En Bogotá vivo la contradicción de despreciar lo que se produce, pero al mismo tiempo querer entrar, trabajar: ya estoy aquí y lo necesito. ¡Pero cuánta ignorancia! La sabiduría requiere de humildad para reconocer que uno no sabe y tener la actitud de aprender. Es triste y violento ver a las personas tocar su techo y pavonearse de eso. En fin, la televisión y la mayoría de piezas teatrales aquí dan cuenta de la poca escuela actoral que tienen los colombianos. Hay mucho talento, sí, mucha energía, una gran intuición, y un rejunte de métodos de aquí y de allá. Hasta en esto se nos nota lo bastardos, en nuestra ficción pobre y mal hecha. Y el mercantilismo termina de arruinarlo todo. Pero las estrellas son las estrellas. Se alaban unos a otros, como si de verdad hicieran gran cosa. Ahí entra la importancia de la mirada, de desde dónde y cómo se mire todo, de cuán formada esté, de cuánto se quiera ver.
Adela, mi amiga actriz, me ha preguntado ayer, martes, cómo iban las cosas en la costa. Me habló vía whatsapp, con mensajes de voz incluidos. Le digo que fenómeno. Miento, no estoy en la costa, estoy en mi apartamento, en Bogotá, escribiendo, viendo la lluvia, tranquilo, porque no tengo que lidiar con el malestar de negarme en caso de que ella me propusiera ir a algún evento. Le cuento que mi abuelo es un ente (palabras de mi madre). Le digo que regreso el miércoles. Me habla sobre la nueva producción en la que trabaja, una serie de afuera, me dice que tratan muy bien a los actores.

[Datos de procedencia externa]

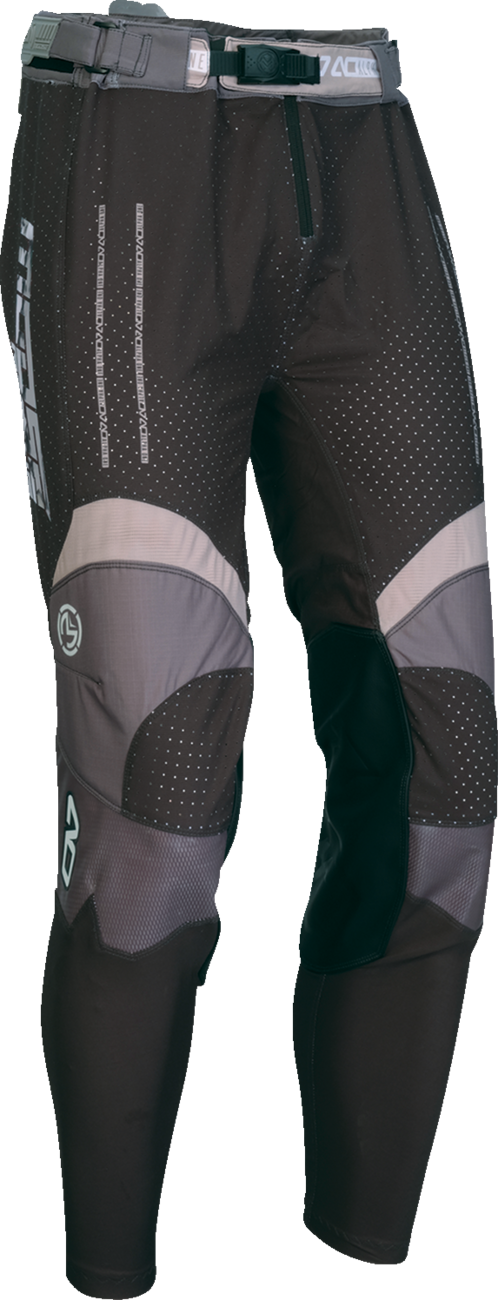 MOOSE OFFROAD Alpha One Pants - Black/Gray - US 30 Slim 2901-12005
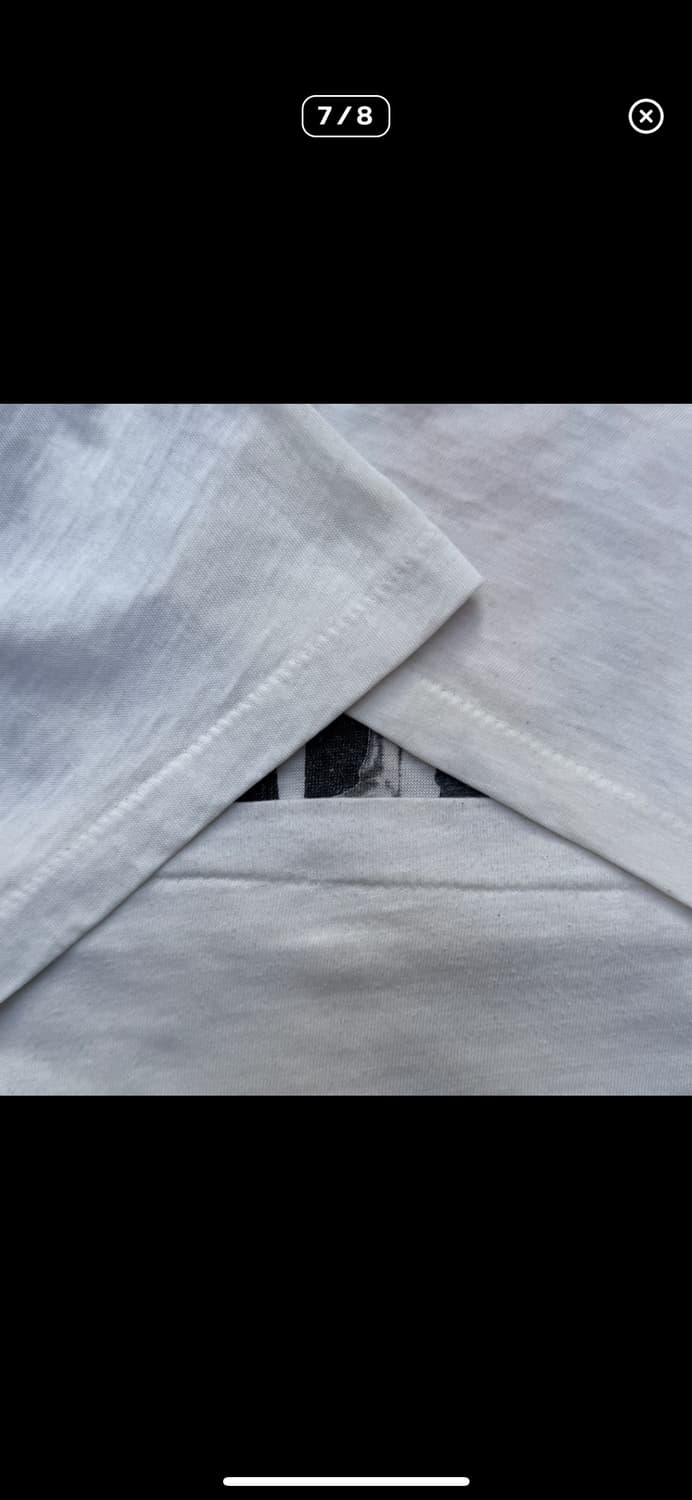 빈티지 84s Michael Jackson BEAT IT 티 상품이미지7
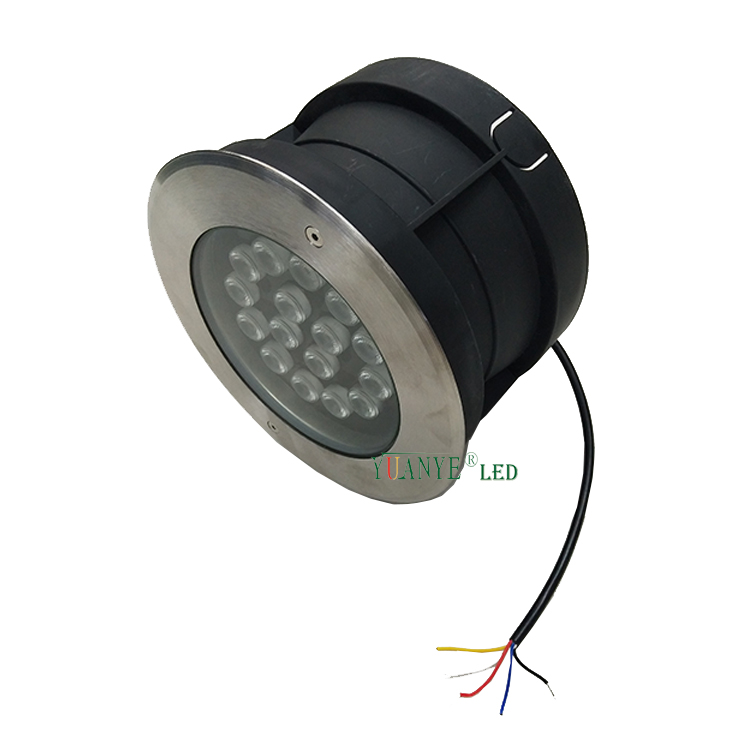 Yuanye LED-防水IP68水中プールミュージックダンスウォーターファウンテン9W 18W RGB DC24V埋め込み 7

Le pregunto si hago una reserva para ir juntos a ver la obra el jueves. Hace rato que no veo a Adela, pienso. Sé que necesita compañía. No responde. Veo unas llamadas de un número privado. Ella usa número privado. Le pregunto que si me ha llamado. No responde. Adela, como muchos otros, usa la no respuesta como mecanismo de poder. Sabe que me molesta, con lo cual desconfío de una presunta inocencia. Sobre todo si uno lanza dos preguntas seguidas. Y bueno, la conozco. Sé que siempre está conectada, posteando, revisando. Ya aparecerá. Cuando está libre, se aburre con facilidad y se vuelve un tormento al punto de hacerme sentir culpable si no la acompaño a sus planes. Pero cuando está ocupada, se hace la importante y no contesta. Como niña chiquita. Yo la quiero. Mucho. Pero el amor a veces funciona mejor a distancia.

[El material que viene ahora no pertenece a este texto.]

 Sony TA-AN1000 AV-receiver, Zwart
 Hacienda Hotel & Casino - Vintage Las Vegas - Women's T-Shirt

Adela y sus actitudes hacen parte del combo Bogota City, del acercamiento a las miserias. Tal vez deba tomarme este paso por aquí como un experimento antropológico. Y confiar. En que las cosas cambian. Y si ya me alejé antes, podré alejarme después.
Nota:
He aquí una combinación que disfruto (sobre todo después de hacer ejercicio): una o dos tazas de avena con canela, un café negro bien fuerte, y un porro. La máquina, por supuesto, siempre lista: no vaya a ser que se me pierda un pedazo de la historia, de mi historia.